Depuis le 5 août et jusqu’à ce vendredi soir, les délégations de 184 pays se réunissent à Genève sous l’égide de l’ONU pour une session cruciale, baptisée « INC‑5.2 ». Objectif affiché : s’accorder sur un traité mondial destiné à lutter contre la pollution plastique, un fléau dont les conséquences sur la biodiversité terrestre et marine et sur la santé humaine sont régulièrement mises en avant par les protagonistes.
Une urgence environnementale martelée
Le dossier est présenté par les négociateurs comme un enjeu majeur. Chaque année, « 10 millions de tonnes de déchets plastiques sont rejetés dans les océans – soit l’équivalent d’un camion‑poubelle déversé chaque minute », rappellent-ils. Face à ce constat, la commissaire européenne chargée de l’Environnement, de la Résilience de l’eau et d’une Économie circulaire compétitive, Jessika Roswall, a exhorté, le 12 août, « toutes les parties à être constructives et orientées vers les résultats ». « C’est maintenant que nous avons besoin d’un traité. Mais pas à n’importe quel prix », a‑t‑elle insisté.
Les attentes sont fortes : au‑delà de la prévention des rejets dans le milieu marin, l’enjeu est de définir des engagements contraignants à l’échelle mondiale qui puissent réduire significativement la production, la consommation et la dispersion des polymères plastiques.
Texte rejeté et désaccords profonds
Hier, un projet de traité soumis en assemblée plénière a été immédiatement rejeté par plusieurs pays et vivement critiqué par des organisations non gouvernementales. Le texte, rédigé par le président des débats, l’Équatorien Luis Vayas Valdivieso, a été qualifié « d’inacceptable » par les délégués de la Colombie, du Chili et du Panama, ainsi que par des représentants de l’Union européenne.
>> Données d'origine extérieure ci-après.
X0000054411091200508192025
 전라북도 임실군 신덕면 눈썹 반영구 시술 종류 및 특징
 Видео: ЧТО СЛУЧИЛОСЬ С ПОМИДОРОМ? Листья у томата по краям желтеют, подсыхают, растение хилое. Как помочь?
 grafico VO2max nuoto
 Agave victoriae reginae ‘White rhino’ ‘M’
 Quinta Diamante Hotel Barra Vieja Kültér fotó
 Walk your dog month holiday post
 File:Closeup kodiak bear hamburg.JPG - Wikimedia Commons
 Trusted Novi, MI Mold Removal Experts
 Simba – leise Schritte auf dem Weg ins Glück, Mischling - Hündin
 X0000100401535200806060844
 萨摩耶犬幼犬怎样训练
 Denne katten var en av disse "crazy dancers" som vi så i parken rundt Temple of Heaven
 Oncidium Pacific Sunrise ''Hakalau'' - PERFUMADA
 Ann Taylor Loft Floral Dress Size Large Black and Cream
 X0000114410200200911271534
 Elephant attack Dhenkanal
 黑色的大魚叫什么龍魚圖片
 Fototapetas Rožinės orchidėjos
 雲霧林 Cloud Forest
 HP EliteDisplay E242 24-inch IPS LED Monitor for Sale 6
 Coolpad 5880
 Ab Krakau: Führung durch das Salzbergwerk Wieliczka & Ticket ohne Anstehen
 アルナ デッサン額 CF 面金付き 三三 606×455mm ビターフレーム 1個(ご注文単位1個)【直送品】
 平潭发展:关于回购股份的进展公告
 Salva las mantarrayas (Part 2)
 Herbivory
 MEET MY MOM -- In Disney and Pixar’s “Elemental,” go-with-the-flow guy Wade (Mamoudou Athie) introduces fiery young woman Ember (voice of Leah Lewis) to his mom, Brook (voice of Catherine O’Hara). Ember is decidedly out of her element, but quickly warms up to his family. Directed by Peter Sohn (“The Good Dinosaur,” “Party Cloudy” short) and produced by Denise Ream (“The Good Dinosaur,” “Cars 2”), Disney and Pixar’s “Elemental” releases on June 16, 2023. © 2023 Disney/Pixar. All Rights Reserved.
Greenpeace est allé plus loin dans ses commentaires, dénonçant selon le compte rendu consulté un « cadeau à l’industrie pétrochimique et une trahison de l’humanité ». Selon la même source, le projet ne comportait notamment aucune référence à des contraintes sur la production de plastique vierge, ce qui a choqué une partie des délégations et des ONG.
Un seul grand État, l’Inde, a finalement accepté que ce texte serve de base de discussion. Mais la résistance est vive : un groupe de pays producteurs de pétrole refuse toute limitation à la fabrication de plastique dérivé du pétrole et rejette l’idée d’une interdiction mondiale de substances jugées nocives. Ces États plaident pour un traité axé sur une meilleure gestion des déchets et une amélioration des taux de réutilisation et de recyclage.
La polarisation des positions traduit la difficulté à concilier intérêts économiques, industries nationales et impératifs environnementaux dans un instrument juridique global.
Un processus de longue haleine
La dynamique actuelle s’inscrit dans un processus engagé depuis la résolution des Nations unies de 2022. Depuis près de trois ans, les dirigeants les plus volontaristes tentent d’élaborer un texte juridiquement contraignant couvrant l’ensemble des milieux, y compris le milieu marin.
Fin décembre 2024, 170 États s’étaient déjà réunis à Busan (Corée du Sud) pour tenter de définir des réponses concrètes à la pollution plastique, sans parvenir à un accord sur le contenu d’un futur traité. Cet automne, la question avait également été au cœur de la troisième Conférence des Nations unies sur l’Océan, organisée à Nice du 9 au 13 juin, où 96 pays, dont la France, avaient souligné l’urgence de fixer « un objectif mondial visant à réduire la production et la consommation de polymères plastiques primaires à des niveaux durables ».
À Genève, la fin des négociations était officiellement prévue jeudi à minuit, mais les discussions pourraient se prolonger dans la nuit et jusqu’au vendredi si les diplomates sont en voie de parvenir à un texte commun. Les participants soulignent que, si aucun compromis n’est trouvé, ce sommet — annoncé comme une étape décisive — pourrait rejoindre la longue liste des rendez‑vous internationaux concluant sans mesure concrète.
Les prochains jours seront donc déterminants pour savoir si la communauté internationale parviendra à concilier propositions ambitieuses de réduction de la production de plastique et réticences de pays liés aux industries pétrochimiques.